Tuesday, January 01, 2013 9:16 am
Pakistan child measles deaths surge in 2012
By ADIL JAWADAssociated Press
In recent days Pakistani officials said they launched an immunization campaign to reach children in the worst-hit areas. But the country still struggles with a beleaguered health care system, unsanitary conditions in many regions and a lack of education about how to prevent disease. All those factors make it difficult to combat infectious diseases such as measles and polio.
Also, many oppose vaccinations, suspecting they are meant to harm their people.
A spokeswoman for the World Health Organization, Maryam Yunus, said that 306 children died in Pakistan of measles in 2012, compared to 64 the year before.
She said the jump was most pronounced in southern Sindh province, where measles killed 210 children in 2012. She said 28 children died there in 2011.
The World Health Organization did not give a reason for the increase in deaths, but a provincial health official in Sindh said that the disease hit areas where poor families did not vaccinate their children.
Provincial health minister Saghir Ahmed said 100 children died in Sindh province in December alone, mostly in areas where many people were not vaccinated.
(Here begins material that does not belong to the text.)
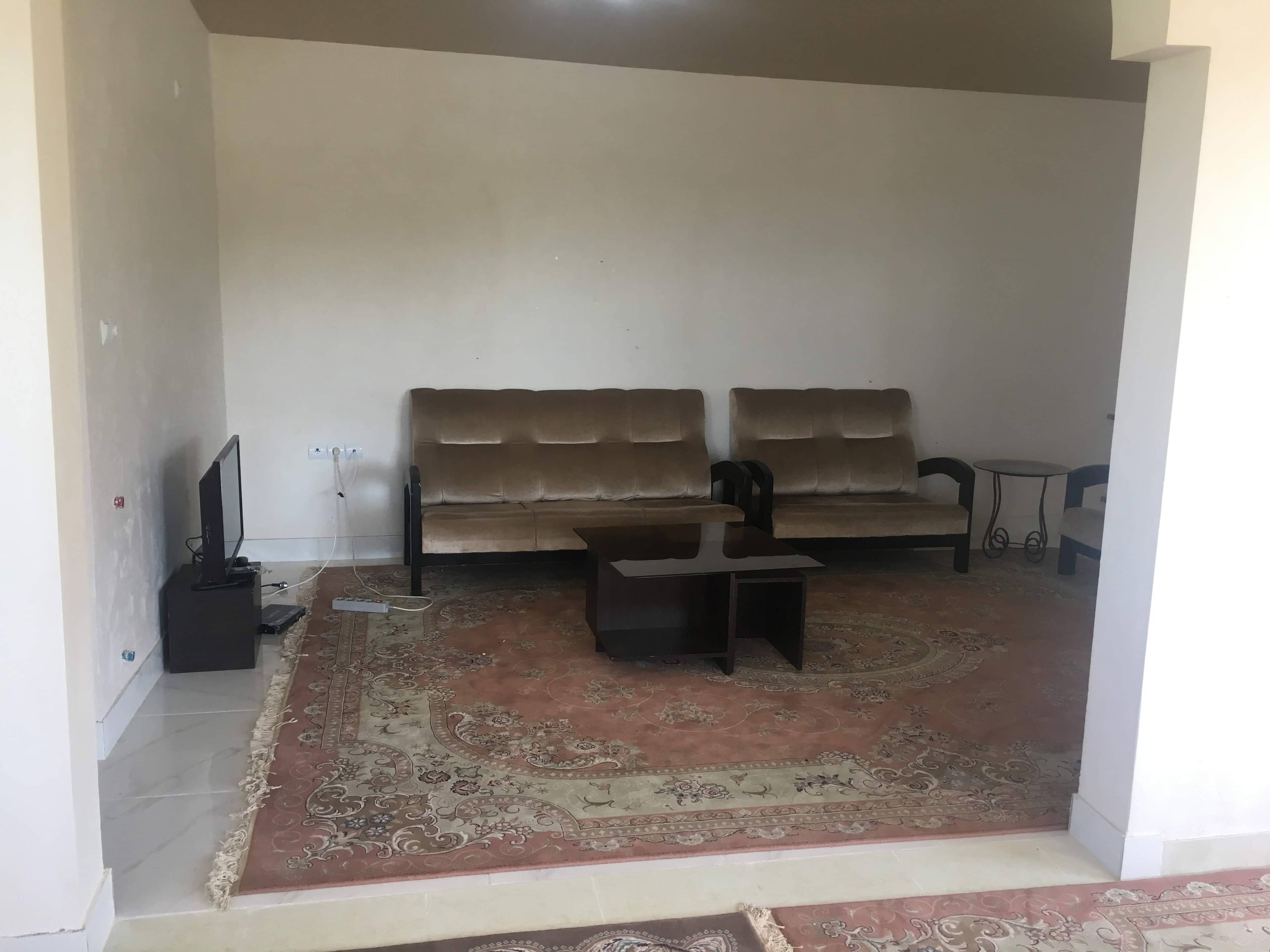 اجاره ویلا اجاره ای در خلیل شهر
He said health officials recently launched a campaign to vaccinate 2.9 million children in the affected areas of the province and urged parents to get their children vaccinated.
Many Pakistanis, especially in rural areas, view vaccinations campaigns with suspicion as a Western plot to sterilize Muslims. In December, nine health officials working to immunize Pakistanis against polio were killed by militants opposed to the campaign. Pakistan is one of three countries in the world where polio is endemic.
Sindh province, the area hardest hit by the measles outbreak, has also been battered by repeated floods in recent years that have damaged hospitals and clinics.
Measles is an extremely infectious disease spread by coughing and sneezing or personal contact. It causes a fever, cough and a rash all over the body. Most people who contract the disease recover, but it can be fatal for malnourished children.
Complications from the disease can include blindness, an infection that causes brain swelling, dehydration and diarrhea, and pneumonia.
According to WHO, 139,300 people died of measles worldwide in 2010.